Volume of A Cone

I need to do some Contrologix Math to calculate the Volume of a Cone using a UDT containing

top of cone diameter (Inches)
Cone height (Inches)
Volume in cone (Cubic inches) to (Gallons)

Inputing the values in inches and getting the volume in gallons.

Anyone have this logic

Thanks

Is this going to be duplicated?
Happen in multiple places?
If so, use the array & indirect addressing to accomplish this.
Create your UDT, create an array of them, run a math in Structured Text using indirect addressing, and viola.

Give it a shot, I'm sure you'll get any help you need.

The formula for the volume of a cone is 1/3 * PI * r² * height.

You can algebraically rearrange this to work with diameter as .2618 * d² * height.

1 gallon is 231 in³


If this is a hopper volume application then you should be aware that r will change with the height of the media in the hopper - although this is very easy to calculate. Simple traingle geometry or trig is all that is required.

If the hopper is not large and accuracy requirements are not exact, then a look up table will execute much faster. You create an array that contains the volume of media in the hopper when media depth is 1", 2", 3", 4" and so on up to the height of the hopper.

(edit)
I realize that while this math is easy for some of us, it may be difficult for others. If you have a problem with the math but you are able to use CAD, then lay out your hopper cross section in 2D, then beginning at the apex measure the distance across the hopper (the cone diameter) at one inch intervals and record this in an Excel spread sheet. Use the formulas above to calculate the volumes using Excel for the look up table.

If you need more help, please reply.

Thanks for all the help, What I needed was an expression that would calulate the volume at any level using a Level transmitter scaled for inches. So the UDT looks like this


Wedge_Height
Cyl_Diameter
Wedge_Volume

all to be input in inches.

Here is what I did with all your help, thanks....

((Level*(Cone_Tk_Vol.Cyl_Diameter/2)/(Cone_Tk_Vol.Wedge_Height)*(Level*(Cone_Tk_Vol.Cyl_Diameter/2)/Cone_Tk_Vol.Wedge_Height))*1.046)*Level

That way one enters the Diameter of the wedge opening and the height of the wedge and gets Gallons

EDIT, Sorry but this gives CU Inches , I do the *231 in another rung for gallons

You might want to take another look at this in terms of it's applicability. The diameter used varies as the level changes. Therefore, in your formula you still have an unknown. You need to add another step that provides the diameter of the cone as a function of the level. You can do this with trig functions or by a simple ratio of max diameter to max height.

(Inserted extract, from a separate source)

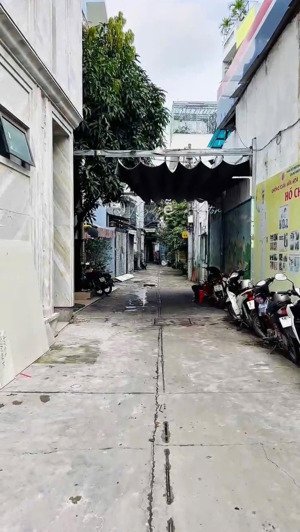 hẻm xe hơi, võ văn kiệt, 2 tầng, 2pn, gần ngã ba an bình, gần trường học, khu ăn uống, bệnh viện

I think you are making this too hard.

The diameter of the top surface of the media in a conical tank or hopper is a function of the heght and the cone angle.

Perhaps a sketch will illustrate the point.

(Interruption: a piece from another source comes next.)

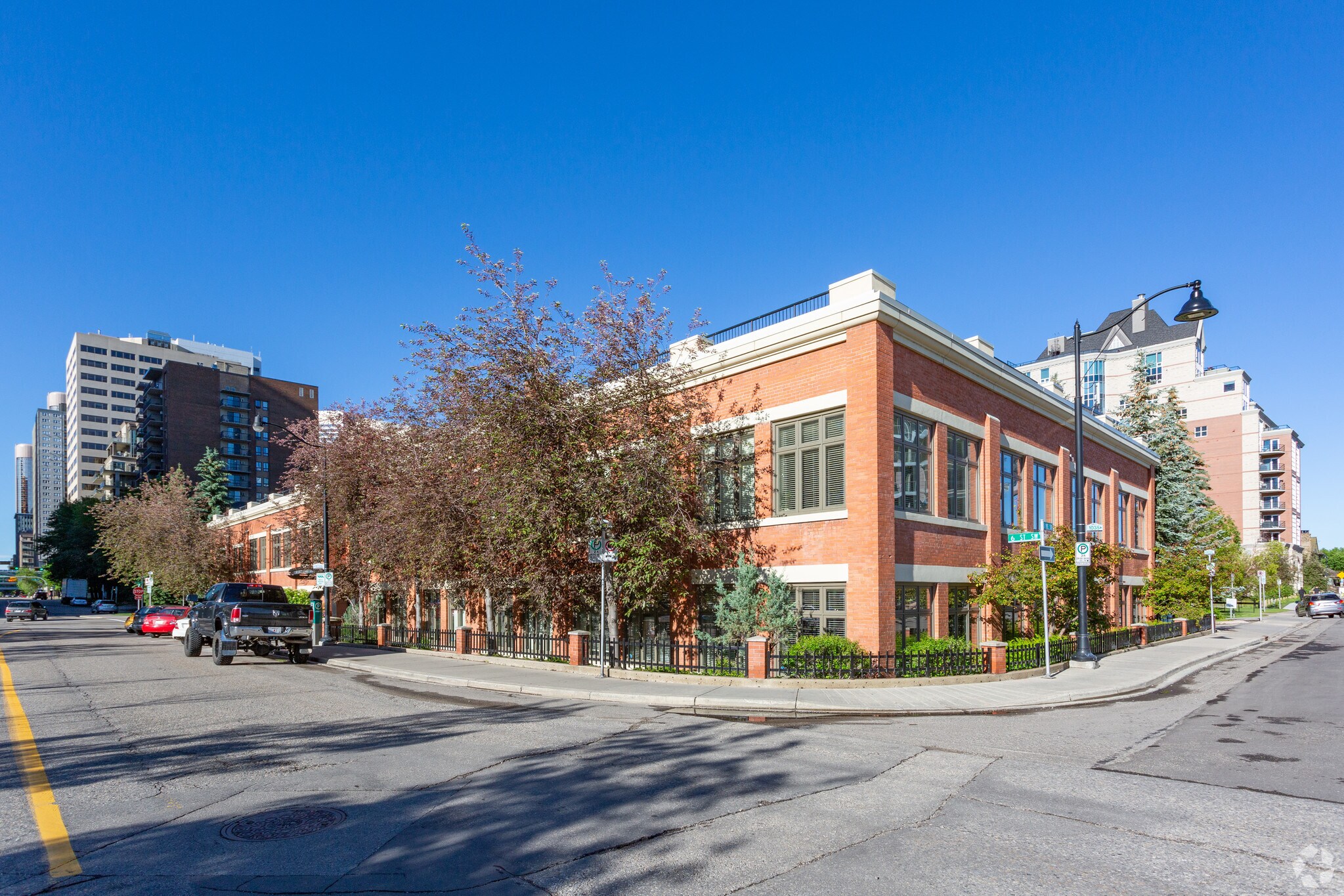 101 6th St SW, Calgary, AB for sale Primary Photo- Image 1 of 1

This first tank has a 45^o conical bottom.


As the media height in the tank increases, so does the diameter used to calculate the media volume. At a depth of 1 inch, the diameter is 2 inches. At a depth of 4", the diameter is 8"

Now this hopper has a 30^o cone.


This changes the height to diameter relationship. Now for a media detph of 1" the diameter is 1.15 inches and for a media depth of 4 inches the diameter is 4.62 inches.

The radius to height relationship in these two examples can be defined as:

Radius = TAN(T) * height
Where T is the angle of the hopper cone.

By using this as our diameter/height to relationship we can eliminate the necessity of entering a diameter which will be chaning with height anyways.

So algebraically rearranging our equation and expressing all values in terms of height and the angle of the tank cone, we get

Volume = (Tan(T)*height)² * height * PI/3
Volume = height³ * tan(T)² * PI/3

PI/3 is 1.0472. Tan(T) will be fixed (unless you are chaning out the tank all of the time). Let K be a constant that you program according to the tank cone angle such that
K = tan(T)² * PI/3.

Then the volume calculation becomse very simple. It is K * Height³

Go one step farther, make K = (tan(T)² * PI/3)/231 to convert to gallons in a single step.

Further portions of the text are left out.